My visit to Lassen in early October of 2017 encompassed two days. The first day had the single primary goal of hiking all the way to the top of Mount Lassen. Climbing mountains is a very challenging endeavor for my asthma and my muscles, so I was very proud to make it to the top of the mountain. On the second day, which was considerably colder, we visited Bumpass Hell, the area full of bubbling toxic volcanic sulfur pits.
Part 1: Scenes From The Hike Up Mount Lassen
Mount Lassen is the central volcanic mountain to Lassen Volcanic National Park, reaching a maximum elevation of 10,450 feet. The trailhead sits at an elevation of 8,500 feet, meaning that the 2.6 miles of trail ascend upward by nearly 2,000 feet. Expect to make a slow trek doing all that climbing uphill. Snow can persist through the entire summer, as you'll see. And of course, hiking at high elevations can make you very susceptible to sunburns. The views become beautiful very soon after starting your journey up the trail, and they just get better and better as you press onward.

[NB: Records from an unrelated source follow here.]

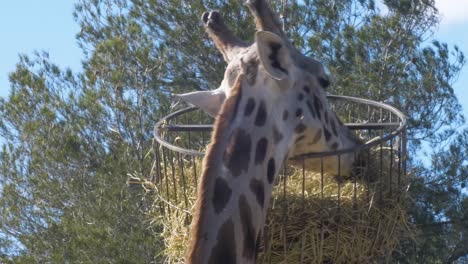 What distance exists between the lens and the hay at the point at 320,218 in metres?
4.07

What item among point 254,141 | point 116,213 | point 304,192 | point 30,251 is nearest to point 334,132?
point 304,192

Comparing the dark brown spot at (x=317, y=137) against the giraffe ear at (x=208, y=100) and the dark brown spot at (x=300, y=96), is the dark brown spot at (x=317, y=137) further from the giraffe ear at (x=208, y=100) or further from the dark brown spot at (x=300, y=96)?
the giraffe ear at (x=208, y=100)

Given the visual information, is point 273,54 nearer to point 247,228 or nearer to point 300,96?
point 300,96

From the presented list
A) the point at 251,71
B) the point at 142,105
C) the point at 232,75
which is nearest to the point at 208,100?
the point at 232,75

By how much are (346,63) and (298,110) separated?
729 centimetres

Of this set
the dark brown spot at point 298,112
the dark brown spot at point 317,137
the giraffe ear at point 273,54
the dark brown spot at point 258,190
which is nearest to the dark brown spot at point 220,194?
the dark brown spot at point 258,190

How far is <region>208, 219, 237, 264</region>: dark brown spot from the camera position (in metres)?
3.47

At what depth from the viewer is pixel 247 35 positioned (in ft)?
36.8

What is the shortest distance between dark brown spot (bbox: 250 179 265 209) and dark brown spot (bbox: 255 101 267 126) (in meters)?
0.23

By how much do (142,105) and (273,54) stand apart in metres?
7.69

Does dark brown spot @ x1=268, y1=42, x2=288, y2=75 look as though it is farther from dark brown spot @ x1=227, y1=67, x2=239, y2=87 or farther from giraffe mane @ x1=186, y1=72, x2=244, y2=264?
dark brown spot @ x1=227, y1=67, x2=239, y2=87

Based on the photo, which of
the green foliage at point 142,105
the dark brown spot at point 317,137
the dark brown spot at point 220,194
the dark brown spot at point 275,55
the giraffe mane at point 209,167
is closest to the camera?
the giraffe mane at point 209,167

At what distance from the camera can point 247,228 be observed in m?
3.62

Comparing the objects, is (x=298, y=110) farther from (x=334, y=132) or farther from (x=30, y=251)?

Just before reaching the true highest point on the mountain, the path crosses this snowfield. As my visit took place in early October, at the very end of the snowless season, I think this snow might have been sitting there since last winter!
The snowfield sits at what is basically the top of the mountain, but the true peak sits among these crags that jut upward. Climbing these crags and taking a seat gives you the true satisfaction of reaching the true top of the mountain. That's why so many people here are doing that in this photo.
A view from atop the crags, looking back on what I recently traversed:
Part 2: Views from the Road
Here are some photos I took from the main road through the national park.
Part 3: The Trail to Bumpass Hell
Bumpass Hell is the famed area of Lassen Volcanic National Park home to steam vents, bubbling sulphurous springs, and strangely-colored waters. Straying from the boardwalk trail can land a hiker with severe chemical burns. I do not recommend this hike for young children because of the glaring safety hazards. The trail along the side of Bumpass Mountain, which leads to Bumpass Hell, is a pretty one:
Now, we start getting to some weird volcanism...
Here is a view of some of the volcanic phenomena from through the trees.
Now we are reaching the swath of hot volcanic springs known as Bumpass Hell! Bumpass Hell itself has wooden boardwalks, constructed to protect hikers from the sulphurous chemicals that can corrode away your skin. Look, but don't touch!
Look! It's a pale turquoise stream, like you might see in Yellowstone at the Devil's Paint Pots, for example:
A big steam vent:
Bumpass Hell had lots of steam vents, pale blue streams, and white bubbling mud.